Resumo detalhado em linguagem acessível
A fibromialgia é uma condição de dor crônica generalizada que afeta cerca de 2% da população mundial, sendo muito mais comum em mulheres. Por décadas, pacientes e médicos se perguntaram por que a doença parece "correr em famílias" — e se existe, de fato, uma predisposição genética que explica por que algumas pessoas desenvolvem fibromialgia enquanto outras, expostas a fatores semelhantes, não desenvolvem. Esta revisão narrativa de Buskila e Sarzi-Puttini, publicada em 2006 no Arthritis Research & Therapy, consolida as evidências disponíveis até aquele momento sobre os aspectos genéticos da síndrome da fibromialgia, oferecendo um panorama importante para quem vive com a condição e busca entender suas origens.

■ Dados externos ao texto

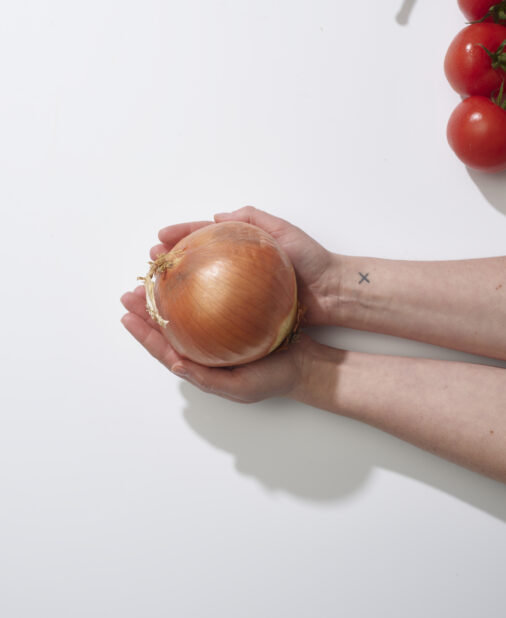 Hands cradling a whole yellow onion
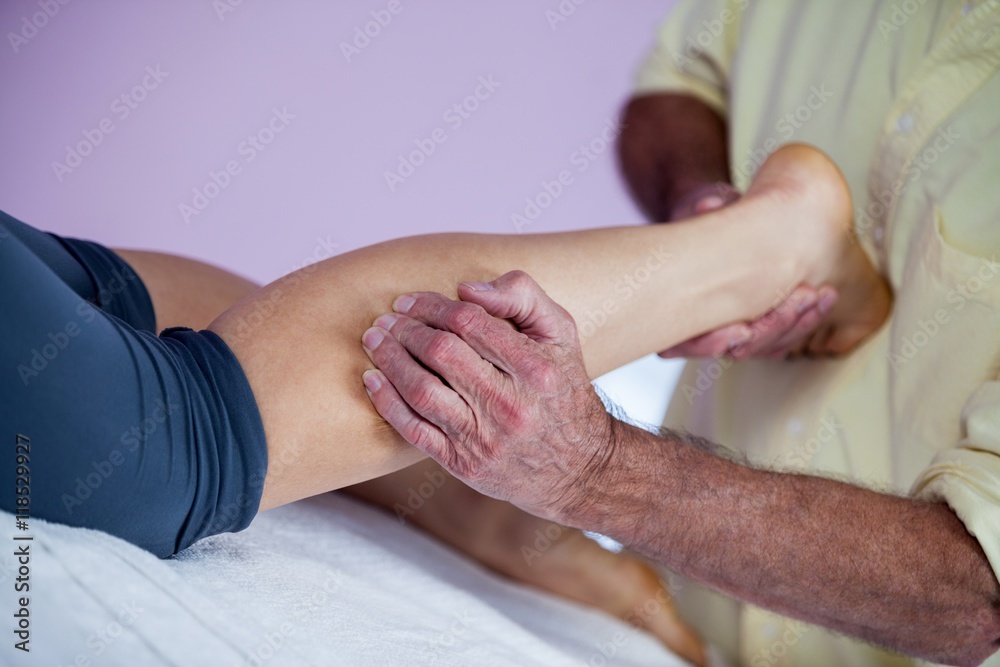 Fototapeta premium Physiotherapist giving leg massage to a woman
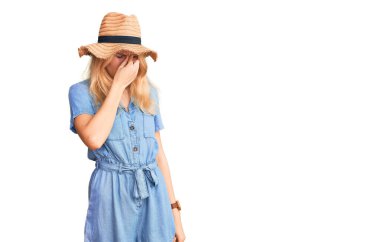 Genç, sarışın, yaz şapkası ve elbisesi giyen, burnu ve gözleri ovuşturmaktan yorgun düşmüş yorgun ve başı ağrıyan bir kadın. Stres ve hüsran kavramı. 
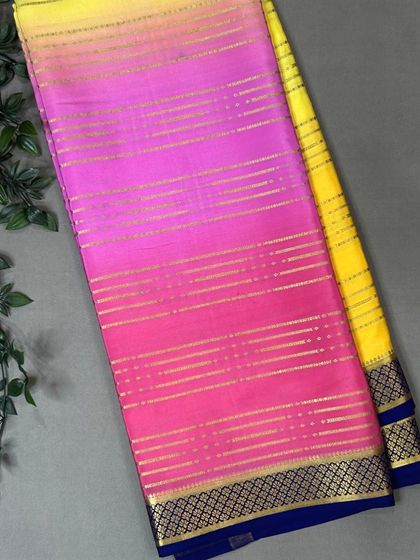 A beautiful pure Mysore silk saree with a Rangkat pattern transitioning from bright pink to sunny yellow, finished with a dark blue border.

O estudo não é um experimento clínico, mas uma revisão abrangente da literatura científica. Os autores analisaram múltiplos estudos familiares e genéticos conduzidos entre 1989 e 2006, examinando padrões de herança, prevalência entre parentes e variações em genes específicos relacionados aos sistemas de neurotransmissores do cérebro. A metodologia envolveu a síntese de dados de estudos de agregação familiar — que investigam quantos parentes de pacientes com fibromialgia também têm a condição — e de estudos de polimorfismos genéticos, que buscam variantes específicas do DNA mais frequentes em pacientes do que na população geral.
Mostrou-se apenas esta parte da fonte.